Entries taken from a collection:
================================
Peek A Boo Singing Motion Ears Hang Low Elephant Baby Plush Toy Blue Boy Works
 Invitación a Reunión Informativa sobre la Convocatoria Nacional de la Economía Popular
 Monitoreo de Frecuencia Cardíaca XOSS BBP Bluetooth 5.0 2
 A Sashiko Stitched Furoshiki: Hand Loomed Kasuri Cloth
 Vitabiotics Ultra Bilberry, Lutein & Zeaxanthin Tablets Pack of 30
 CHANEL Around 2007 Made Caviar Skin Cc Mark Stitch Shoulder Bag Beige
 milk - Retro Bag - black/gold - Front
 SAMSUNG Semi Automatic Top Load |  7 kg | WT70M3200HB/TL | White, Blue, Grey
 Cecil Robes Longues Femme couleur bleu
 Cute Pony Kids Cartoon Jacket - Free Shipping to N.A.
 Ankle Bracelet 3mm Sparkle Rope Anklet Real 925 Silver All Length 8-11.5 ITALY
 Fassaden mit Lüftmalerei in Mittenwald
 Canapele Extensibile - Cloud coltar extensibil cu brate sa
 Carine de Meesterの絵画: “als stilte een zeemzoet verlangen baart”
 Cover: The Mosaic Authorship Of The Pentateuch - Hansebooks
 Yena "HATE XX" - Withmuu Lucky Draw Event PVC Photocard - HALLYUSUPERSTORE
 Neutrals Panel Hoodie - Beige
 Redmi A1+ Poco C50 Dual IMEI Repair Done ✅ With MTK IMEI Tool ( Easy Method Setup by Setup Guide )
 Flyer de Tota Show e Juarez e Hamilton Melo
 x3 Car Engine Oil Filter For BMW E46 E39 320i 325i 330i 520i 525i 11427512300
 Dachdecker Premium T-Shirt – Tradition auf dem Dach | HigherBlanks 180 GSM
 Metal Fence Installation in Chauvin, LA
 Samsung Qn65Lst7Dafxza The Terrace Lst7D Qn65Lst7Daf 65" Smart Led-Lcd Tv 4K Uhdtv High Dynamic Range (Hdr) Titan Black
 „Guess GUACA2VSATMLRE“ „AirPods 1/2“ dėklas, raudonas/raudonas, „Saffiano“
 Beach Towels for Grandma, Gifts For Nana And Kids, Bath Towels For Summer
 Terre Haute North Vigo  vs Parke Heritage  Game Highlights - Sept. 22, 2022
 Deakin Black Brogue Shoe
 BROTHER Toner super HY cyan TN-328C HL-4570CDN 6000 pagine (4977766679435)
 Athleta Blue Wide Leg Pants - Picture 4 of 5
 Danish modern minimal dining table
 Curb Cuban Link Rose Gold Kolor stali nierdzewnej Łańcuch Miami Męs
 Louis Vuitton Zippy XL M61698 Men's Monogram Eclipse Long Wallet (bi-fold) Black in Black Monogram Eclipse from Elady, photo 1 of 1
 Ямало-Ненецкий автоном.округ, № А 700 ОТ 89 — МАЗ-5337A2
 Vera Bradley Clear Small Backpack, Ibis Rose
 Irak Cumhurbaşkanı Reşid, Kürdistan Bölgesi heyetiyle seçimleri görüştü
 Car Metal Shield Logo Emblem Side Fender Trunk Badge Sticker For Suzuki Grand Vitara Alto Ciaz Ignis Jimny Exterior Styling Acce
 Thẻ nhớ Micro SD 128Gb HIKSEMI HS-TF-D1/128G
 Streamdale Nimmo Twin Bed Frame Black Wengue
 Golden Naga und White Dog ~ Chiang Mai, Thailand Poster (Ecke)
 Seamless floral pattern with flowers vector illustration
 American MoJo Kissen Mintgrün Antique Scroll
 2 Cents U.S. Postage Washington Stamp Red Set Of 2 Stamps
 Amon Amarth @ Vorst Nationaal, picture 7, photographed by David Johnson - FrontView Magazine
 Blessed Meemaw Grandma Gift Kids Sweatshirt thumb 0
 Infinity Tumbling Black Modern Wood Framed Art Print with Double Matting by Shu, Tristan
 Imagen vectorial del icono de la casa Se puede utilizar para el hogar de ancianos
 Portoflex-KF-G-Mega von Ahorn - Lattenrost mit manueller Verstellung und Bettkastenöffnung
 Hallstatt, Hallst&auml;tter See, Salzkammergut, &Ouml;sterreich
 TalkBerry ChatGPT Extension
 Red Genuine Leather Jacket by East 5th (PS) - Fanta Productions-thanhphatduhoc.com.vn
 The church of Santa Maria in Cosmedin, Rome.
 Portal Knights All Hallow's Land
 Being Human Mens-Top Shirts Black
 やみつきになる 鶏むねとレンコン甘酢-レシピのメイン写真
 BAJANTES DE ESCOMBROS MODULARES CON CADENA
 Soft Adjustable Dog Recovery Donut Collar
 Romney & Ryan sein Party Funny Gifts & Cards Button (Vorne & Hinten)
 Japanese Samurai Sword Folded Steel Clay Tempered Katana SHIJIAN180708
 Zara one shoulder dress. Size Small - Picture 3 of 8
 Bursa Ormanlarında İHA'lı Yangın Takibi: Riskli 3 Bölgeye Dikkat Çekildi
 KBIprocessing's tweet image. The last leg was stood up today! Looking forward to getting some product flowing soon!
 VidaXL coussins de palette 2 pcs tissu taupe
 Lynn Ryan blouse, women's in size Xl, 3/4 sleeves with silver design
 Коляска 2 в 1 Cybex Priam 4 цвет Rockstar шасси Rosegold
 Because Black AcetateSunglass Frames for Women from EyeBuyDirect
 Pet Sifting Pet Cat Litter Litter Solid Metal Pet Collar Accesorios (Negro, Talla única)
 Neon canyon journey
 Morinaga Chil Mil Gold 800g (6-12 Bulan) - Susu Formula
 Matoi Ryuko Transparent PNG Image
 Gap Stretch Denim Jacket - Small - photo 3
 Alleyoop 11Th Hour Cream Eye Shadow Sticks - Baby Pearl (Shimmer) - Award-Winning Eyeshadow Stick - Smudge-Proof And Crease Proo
================================
For every line in the data above that has the string "Small", return that line.

 Vera Bradley Clear Small Backpack, Ibis Rose
 Zara one shoulder dress. Size Small - Picture 3 of 8
 Gap Stretch Denim Jacket - Small - photo 3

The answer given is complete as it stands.